*** Dataset

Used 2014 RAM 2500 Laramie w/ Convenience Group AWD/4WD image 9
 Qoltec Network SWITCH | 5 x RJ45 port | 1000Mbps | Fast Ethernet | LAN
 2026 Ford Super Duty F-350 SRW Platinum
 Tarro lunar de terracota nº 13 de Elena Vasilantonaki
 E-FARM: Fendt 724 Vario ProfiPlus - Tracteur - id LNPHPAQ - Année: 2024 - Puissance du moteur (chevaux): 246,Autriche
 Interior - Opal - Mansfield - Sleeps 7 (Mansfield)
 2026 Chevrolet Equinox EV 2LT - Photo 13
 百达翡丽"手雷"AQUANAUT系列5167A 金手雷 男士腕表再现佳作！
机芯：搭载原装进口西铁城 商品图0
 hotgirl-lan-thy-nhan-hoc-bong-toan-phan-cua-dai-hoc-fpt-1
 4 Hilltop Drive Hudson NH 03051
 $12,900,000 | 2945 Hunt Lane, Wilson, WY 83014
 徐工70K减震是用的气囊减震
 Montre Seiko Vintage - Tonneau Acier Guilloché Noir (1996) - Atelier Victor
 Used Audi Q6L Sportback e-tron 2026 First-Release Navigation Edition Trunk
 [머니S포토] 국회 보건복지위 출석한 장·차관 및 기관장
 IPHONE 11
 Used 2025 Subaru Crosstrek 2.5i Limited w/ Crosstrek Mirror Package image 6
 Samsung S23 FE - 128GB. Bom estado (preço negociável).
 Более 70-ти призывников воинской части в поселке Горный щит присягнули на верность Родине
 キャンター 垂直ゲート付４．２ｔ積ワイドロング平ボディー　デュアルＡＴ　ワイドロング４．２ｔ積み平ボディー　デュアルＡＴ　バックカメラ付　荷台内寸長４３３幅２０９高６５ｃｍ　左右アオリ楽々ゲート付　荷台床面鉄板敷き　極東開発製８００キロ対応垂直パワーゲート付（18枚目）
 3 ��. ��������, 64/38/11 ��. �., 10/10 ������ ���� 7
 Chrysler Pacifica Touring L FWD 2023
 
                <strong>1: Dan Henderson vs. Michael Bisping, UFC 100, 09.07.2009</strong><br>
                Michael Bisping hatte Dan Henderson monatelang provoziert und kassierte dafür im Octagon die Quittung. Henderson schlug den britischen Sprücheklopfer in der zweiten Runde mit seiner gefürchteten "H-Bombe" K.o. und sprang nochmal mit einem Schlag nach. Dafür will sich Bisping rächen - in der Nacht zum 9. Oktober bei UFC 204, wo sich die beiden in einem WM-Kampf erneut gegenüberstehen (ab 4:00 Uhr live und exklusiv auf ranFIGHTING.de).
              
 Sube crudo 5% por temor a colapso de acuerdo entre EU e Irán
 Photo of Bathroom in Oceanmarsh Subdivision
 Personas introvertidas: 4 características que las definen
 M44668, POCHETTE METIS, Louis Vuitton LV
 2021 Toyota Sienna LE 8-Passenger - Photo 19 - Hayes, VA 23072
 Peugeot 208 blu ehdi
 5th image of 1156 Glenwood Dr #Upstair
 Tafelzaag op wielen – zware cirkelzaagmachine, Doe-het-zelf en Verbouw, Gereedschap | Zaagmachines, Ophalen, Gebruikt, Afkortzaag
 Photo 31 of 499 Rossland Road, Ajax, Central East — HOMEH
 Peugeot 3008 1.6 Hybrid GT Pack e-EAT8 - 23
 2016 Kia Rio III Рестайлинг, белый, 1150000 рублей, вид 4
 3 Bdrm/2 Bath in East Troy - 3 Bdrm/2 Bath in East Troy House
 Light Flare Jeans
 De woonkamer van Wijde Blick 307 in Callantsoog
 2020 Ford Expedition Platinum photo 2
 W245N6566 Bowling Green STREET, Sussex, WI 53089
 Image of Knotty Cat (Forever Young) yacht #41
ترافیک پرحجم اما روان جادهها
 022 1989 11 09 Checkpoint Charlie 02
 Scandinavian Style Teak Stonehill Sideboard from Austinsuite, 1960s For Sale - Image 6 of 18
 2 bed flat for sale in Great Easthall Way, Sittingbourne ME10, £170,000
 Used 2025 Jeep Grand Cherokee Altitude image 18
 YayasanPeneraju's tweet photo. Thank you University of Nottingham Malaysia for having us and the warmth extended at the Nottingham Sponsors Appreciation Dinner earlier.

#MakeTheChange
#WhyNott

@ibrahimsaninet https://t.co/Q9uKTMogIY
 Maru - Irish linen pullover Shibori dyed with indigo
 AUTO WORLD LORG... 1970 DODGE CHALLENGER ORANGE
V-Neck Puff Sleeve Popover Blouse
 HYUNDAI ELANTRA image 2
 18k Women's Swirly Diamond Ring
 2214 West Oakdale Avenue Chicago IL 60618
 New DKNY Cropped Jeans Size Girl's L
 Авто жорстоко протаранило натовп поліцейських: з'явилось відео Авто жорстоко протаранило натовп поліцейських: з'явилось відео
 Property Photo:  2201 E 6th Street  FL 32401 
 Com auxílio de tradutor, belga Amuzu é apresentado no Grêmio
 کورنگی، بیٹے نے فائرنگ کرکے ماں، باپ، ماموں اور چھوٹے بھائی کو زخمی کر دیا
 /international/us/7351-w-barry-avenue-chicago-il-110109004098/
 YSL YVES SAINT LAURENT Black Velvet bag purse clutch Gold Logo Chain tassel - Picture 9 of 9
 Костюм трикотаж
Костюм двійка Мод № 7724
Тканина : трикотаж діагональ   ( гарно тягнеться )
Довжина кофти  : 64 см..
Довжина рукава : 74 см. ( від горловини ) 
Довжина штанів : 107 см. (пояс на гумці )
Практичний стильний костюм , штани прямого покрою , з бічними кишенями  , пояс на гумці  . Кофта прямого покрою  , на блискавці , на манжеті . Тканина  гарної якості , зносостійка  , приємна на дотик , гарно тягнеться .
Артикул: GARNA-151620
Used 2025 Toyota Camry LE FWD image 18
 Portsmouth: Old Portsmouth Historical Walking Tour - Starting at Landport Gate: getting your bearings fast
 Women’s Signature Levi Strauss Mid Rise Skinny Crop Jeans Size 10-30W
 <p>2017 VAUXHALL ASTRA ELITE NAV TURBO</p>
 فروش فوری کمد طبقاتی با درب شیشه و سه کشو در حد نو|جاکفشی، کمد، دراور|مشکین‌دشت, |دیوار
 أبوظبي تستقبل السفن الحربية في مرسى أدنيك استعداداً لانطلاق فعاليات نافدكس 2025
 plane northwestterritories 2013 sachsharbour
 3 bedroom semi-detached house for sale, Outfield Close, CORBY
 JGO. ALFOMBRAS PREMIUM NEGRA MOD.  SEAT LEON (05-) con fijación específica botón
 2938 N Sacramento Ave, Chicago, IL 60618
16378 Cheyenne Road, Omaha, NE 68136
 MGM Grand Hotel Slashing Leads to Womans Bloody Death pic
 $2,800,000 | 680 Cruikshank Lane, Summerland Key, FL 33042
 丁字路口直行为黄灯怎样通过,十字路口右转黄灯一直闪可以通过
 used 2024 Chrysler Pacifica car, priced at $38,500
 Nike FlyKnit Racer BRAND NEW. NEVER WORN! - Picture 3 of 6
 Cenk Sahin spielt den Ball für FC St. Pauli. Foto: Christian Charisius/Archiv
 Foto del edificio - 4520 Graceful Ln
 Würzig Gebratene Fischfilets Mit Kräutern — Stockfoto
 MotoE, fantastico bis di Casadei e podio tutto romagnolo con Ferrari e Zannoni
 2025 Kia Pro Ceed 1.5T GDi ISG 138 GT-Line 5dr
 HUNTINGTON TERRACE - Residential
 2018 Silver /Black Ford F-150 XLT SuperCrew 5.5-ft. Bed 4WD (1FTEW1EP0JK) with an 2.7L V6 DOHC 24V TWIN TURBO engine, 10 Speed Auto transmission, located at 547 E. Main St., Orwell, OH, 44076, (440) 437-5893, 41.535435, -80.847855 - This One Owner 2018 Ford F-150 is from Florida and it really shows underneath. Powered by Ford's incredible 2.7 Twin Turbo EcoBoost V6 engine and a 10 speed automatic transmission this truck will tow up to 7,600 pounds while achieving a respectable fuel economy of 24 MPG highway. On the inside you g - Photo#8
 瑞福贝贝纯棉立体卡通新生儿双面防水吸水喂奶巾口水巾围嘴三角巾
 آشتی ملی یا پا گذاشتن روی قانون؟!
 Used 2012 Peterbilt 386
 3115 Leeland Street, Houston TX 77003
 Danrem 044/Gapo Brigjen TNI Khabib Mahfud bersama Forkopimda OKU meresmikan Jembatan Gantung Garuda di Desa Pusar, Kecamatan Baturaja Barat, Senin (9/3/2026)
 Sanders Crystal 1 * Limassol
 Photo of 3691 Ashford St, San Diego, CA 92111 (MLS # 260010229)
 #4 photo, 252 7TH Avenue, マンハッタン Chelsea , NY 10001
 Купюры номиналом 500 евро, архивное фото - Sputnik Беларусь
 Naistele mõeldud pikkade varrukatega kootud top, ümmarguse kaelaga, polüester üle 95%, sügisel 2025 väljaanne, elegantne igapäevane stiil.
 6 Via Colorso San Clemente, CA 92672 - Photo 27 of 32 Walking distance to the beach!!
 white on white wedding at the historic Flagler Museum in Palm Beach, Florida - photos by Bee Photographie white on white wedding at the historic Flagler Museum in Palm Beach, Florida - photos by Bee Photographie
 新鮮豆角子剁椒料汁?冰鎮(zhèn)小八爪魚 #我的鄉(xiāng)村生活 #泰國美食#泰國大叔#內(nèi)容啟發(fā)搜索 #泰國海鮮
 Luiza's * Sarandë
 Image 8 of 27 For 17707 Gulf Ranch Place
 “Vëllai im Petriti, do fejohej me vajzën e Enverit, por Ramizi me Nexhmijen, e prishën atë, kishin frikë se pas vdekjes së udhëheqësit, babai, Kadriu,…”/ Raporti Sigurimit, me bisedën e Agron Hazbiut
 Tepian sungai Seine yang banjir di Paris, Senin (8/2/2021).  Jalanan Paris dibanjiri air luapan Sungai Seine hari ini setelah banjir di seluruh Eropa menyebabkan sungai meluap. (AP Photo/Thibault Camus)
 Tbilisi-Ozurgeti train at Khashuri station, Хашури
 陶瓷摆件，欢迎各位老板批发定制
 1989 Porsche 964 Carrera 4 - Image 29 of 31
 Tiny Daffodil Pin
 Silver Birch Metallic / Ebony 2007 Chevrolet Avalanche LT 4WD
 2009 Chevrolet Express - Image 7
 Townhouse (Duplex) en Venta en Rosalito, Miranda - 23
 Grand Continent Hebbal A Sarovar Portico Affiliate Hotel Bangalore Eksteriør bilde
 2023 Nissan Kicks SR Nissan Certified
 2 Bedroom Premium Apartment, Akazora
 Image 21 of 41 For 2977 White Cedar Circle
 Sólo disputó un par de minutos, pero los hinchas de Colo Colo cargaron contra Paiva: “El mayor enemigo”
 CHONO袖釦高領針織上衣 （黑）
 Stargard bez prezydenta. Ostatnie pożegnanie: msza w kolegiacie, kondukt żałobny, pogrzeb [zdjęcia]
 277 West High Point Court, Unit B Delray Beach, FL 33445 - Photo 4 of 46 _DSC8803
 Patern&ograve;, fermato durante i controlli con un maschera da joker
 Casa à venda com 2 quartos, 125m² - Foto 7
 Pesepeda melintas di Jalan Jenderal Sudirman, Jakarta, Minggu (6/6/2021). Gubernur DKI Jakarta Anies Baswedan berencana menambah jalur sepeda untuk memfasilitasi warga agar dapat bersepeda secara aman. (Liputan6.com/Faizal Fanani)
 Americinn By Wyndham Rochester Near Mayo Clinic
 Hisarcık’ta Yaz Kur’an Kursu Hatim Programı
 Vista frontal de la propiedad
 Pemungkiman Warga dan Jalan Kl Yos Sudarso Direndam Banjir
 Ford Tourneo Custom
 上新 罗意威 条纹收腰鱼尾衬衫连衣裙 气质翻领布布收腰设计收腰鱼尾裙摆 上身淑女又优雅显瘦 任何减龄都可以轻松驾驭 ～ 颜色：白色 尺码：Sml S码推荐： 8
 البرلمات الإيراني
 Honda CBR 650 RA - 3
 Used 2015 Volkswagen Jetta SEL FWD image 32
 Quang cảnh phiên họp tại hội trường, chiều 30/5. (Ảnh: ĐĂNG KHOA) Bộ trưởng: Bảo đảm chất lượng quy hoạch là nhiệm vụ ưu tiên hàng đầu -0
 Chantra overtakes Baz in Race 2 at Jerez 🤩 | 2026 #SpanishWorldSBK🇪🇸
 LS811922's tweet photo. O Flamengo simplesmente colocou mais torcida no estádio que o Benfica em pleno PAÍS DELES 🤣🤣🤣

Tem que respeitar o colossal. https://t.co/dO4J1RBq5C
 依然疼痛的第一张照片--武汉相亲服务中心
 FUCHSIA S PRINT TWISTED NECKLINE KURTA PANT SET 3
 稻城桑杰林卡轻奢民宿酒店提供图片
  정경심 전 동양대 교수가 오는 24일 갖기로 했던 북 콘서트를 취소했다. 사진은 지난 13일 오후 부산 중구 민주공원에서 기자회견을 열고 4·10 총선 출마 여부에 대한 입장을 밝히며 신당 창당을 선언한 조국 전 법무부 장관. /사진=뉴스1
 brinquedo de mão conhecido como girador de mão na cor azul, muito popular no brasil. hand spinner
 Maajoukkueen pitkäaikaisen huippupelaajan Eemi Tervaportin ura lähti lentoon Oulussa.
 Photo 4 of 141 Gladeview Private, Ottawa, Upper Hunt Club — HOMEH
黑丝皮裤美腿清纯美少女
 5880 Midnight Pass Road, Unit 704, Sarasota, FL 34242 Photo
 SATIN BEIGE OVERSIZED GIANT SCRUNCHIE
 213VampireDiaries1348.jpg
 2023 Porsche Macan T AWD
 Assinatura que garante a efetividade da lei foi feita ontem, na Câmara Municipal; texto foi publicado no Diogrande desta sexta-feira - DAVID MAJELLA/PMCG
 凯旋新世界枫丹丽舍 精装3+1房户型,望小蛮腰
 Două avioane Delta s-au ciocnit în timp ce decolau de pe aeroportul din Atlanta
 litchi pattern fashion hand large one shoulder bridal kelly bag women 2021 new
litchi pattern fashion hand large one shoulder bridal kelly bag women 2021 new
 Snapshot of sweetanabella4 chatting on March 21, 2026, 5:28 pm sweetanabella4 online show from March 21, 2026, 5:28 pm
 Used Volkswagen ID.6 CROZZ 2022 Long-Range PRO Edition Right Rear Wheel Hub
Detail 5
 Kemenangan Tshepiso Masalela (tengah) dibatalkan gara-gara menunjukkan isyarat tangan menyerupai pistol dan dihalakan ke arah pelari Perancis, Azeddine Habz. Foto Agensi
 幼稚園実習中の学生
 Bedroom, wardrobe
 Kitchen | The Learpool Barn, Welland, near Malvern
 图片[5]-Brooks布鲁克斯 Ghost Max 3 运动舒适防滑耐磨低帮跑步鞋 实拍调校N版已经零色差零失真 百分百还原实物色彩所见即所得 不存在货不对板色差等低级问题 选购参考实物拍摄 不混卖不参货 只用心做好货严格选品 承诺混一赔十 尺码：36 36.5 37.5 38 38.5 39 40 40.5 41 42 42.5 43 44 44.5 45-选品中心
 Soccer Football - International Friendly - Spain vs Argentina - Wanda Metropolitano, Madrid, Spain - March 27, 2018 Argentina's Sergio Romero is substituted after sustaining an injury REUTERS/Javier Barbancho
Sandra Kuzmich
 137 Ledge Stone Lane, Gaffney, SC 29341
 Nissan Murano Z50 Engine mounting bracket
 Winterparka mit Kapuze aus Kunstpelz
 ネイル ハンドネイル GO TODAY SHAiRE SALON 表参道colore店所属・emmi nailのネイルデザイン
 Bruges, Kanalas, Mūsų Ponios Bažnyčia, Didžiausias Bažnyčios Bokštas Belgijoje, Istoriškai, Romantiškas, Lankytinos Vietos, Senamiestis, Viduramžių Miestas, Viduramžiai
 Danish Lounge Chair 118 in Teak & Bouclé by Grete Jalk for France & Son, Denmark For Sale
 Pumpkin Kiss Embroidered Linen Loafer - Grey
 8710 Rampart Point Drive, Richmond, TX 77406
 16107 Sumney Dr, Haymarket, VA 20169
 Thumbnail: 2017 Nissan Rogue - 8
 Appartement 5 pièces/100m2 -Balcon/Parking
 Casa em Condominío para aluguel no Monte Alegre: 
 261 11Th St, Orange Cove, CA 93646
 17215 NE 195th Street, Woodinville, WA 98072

******

Beginning at the line with "JGO. ALFOMBRAS PREMIUM" and stopping after the line with "MGM Grand Hotel", please write out every line of the data above exactly and nothing else.

> _Written response_:
 JGO. ALFOMBRAS PREMIUM NEGRA MOD.  SEAT LEON (05-) con fijación específica botón
 2938 N Sacramento Ave, Chicago, IL 60618
16378 Cheyenne Road, Omaha, NE 68136
 MGM Grand Hotel Slashing Leads to Womans Bloody Death pic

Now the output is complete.